Black Feminist Reconsiders Guns.

It’s refreshing when you find a liberal that’s willing to consider our point of view.

“I don’t own a gun but I know plenty of educated black women who do. These are working- and middle-class women, some of them single and some with families, and  statistics support what I see. According to a National Shooting Sports Foundation report, 78.6 percent of retailers reported an increase in the number of women buying guns in 2012. Although a 2013 Pew research report reveals that gun ownership remains overwhelmingly white and male, black women made up the fastest growing purchasers of concealed handguns in Texas between the years 2007 and 2012. J. Victoria Sanders, a black Texan and journalist, reported this trend in a 2011 article detailing the increased marketing of guns to women and Sanders’ own journey toward gun ownership.”

This movement toward guns seems a rational decision for black women when you consider some of our experiences. Historically, black women have been left unprotected as a matter of law and custom..

Source: http://www.salon.com/2013/11/05/who_will_protect_us_why_im_still_conflicted_about_guns_as_a_black_feminist/

Remarkably, she also shares a tale of armed self-defense:

As a young adult, I did know that my best friend’s mother carried a handgun in her purse.  One day, someone tried to snatch this purse in the parking lot at Kmart and my mother’s friend, who is about 5 feet tall, held onto her purse and thwarted the robbery when she pulled out her pistol and shot into the air.

Source: Idem

Of course, shooting into the air can get you into a lot of trouble, but either way, she’s alive and that’s what matters.

More than 30 years after a gun was pointed squarely in my face, I have resisted buying a firearm for protection.  But I have not ruled out the possibility that I will.

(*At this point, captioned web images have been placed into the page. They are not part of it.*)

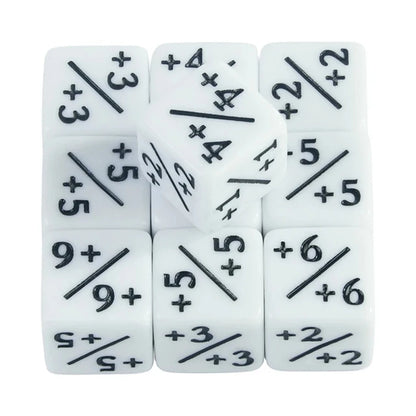 10pcs/set Six Sided Dice Set D6 Counters +1/+1 and -1/-1 Set for Math Teaching ,Kid Arithmetic Toys, Card Game Accessories
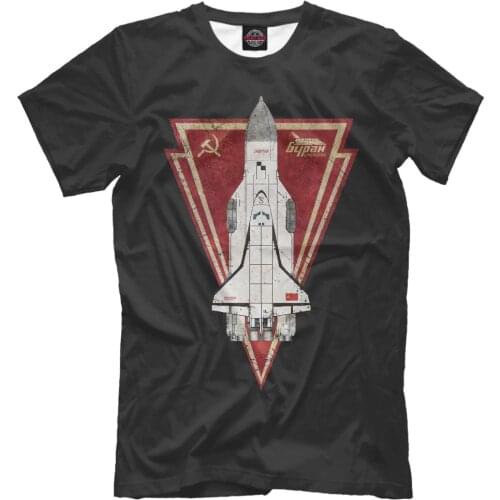 Bypah New T-Shirt Soviet Space Programm Russia Ussr Buran Top Fashion Letters Print Men Cotton Printed T Shirts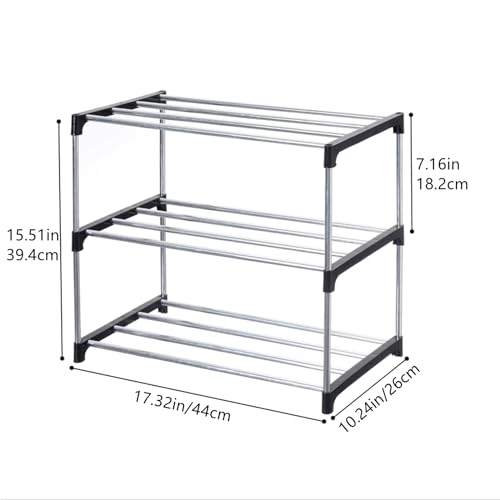 3-Tier Stackable Shoe Rack - Compact Space Saving Storage Organizer (Black)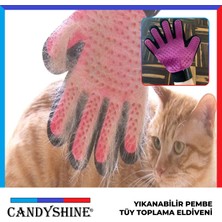 CandyShine Kedi Köpek Tüy Toplayıcı Masaj Yapıcı Tarama Eldiveni Evcil Hayvan Tüy Toplama Tarak Eldiven Pembe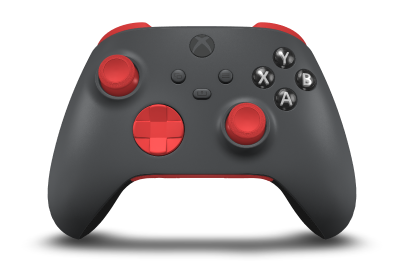 Xbox Wireless Controller - Corpo: Storm Grey, Botões Direcionais: Vermelho Forte, Manípulos Analógicos: Vermelho Forte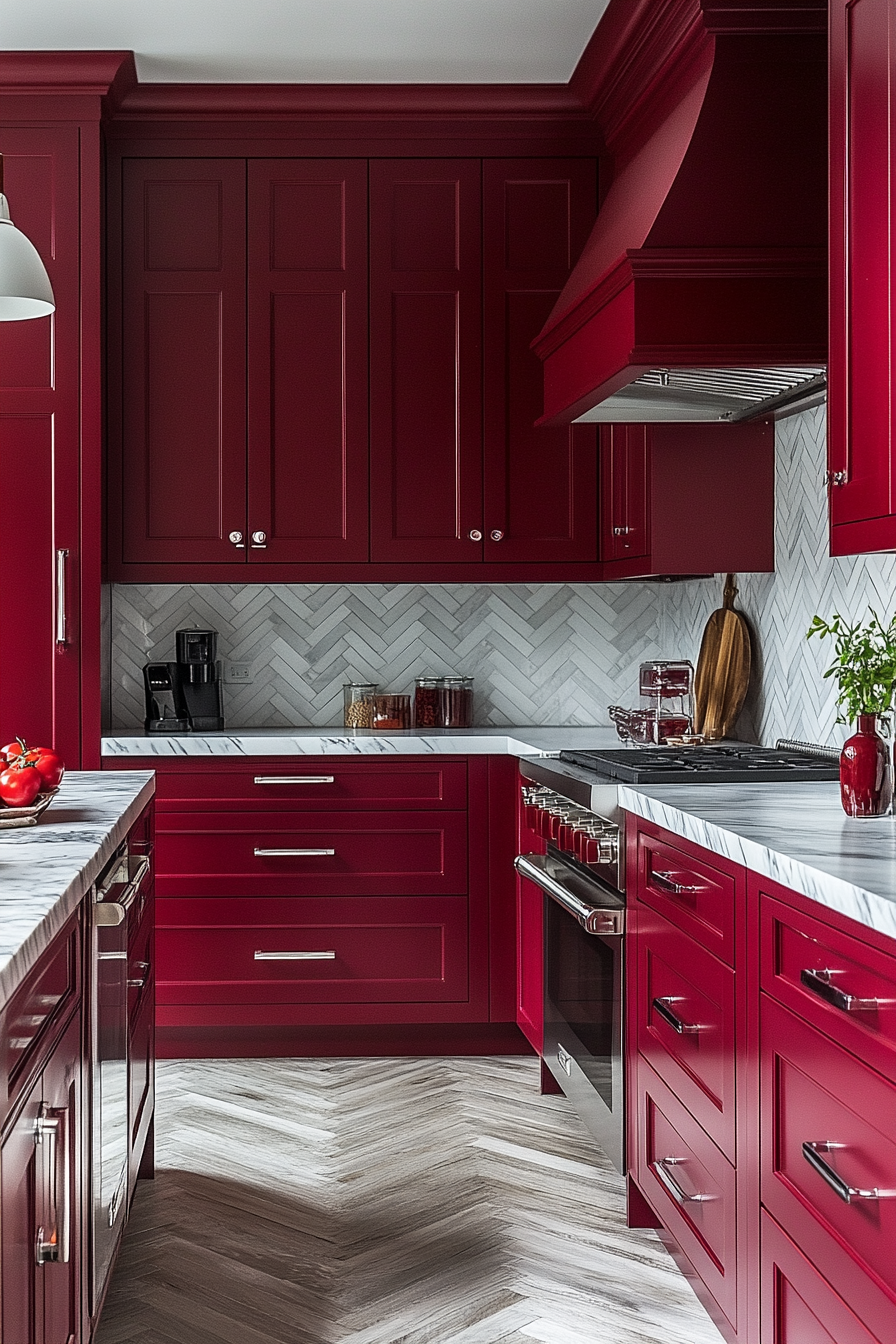 Luxurious Ruby Red Kitchen with Marble and Chrome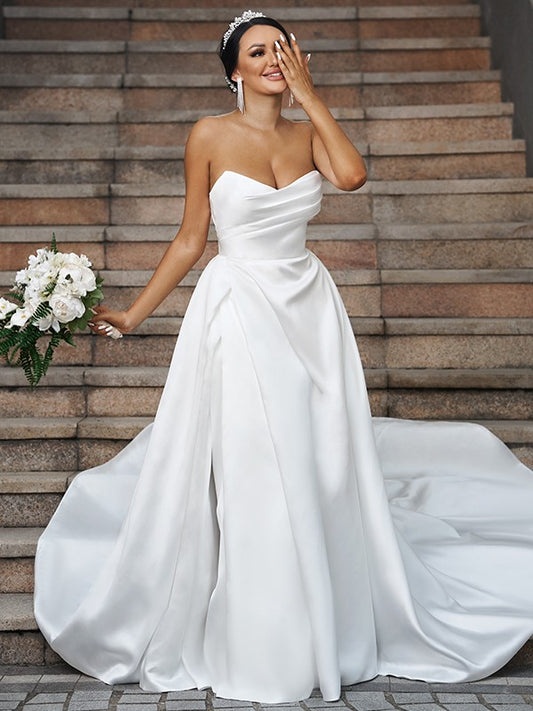 Princess Satin Ruffles Sweetheart Sleeveless Chapel Train Wedding Dres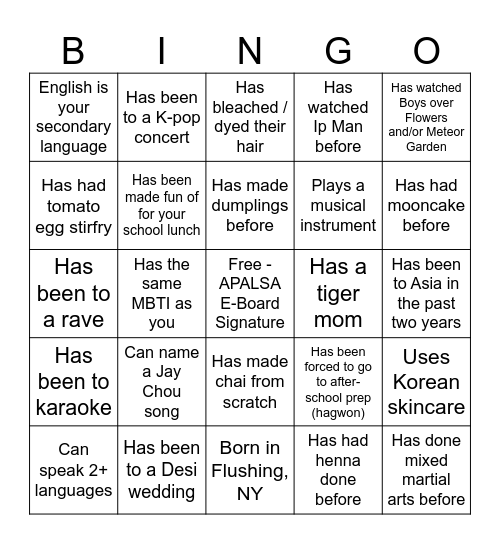 APALSA Mid-Autumn Festival Bingo Card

It crosses my mind when the occasional oddball shows up at my door unannounced. If I buy a gun, it will be to protect myself and my children inside of our house, which is on a sloped street at the end of a quiet cul-de-sac. I agree with my childhood friend that such communities can deceive us. We admire blooming hollyhock and leaf-blown lawns, but the truth is, violent histories hover over all American streets.
Source: Idem

Well lady, I do hope you come to your senses and buy a gun while it remains legal to do so. Owning a gun doesn’t make you less of a feminist anymore than owning a hammer makes you more of a carpenter. It’s a tool, a great self-defense tool. Better than a sword which is only as strong as the arm that wields it, or a bat, or a crowbar. Guns are simple, even someone that has never shot before can successfully use them for self-defense.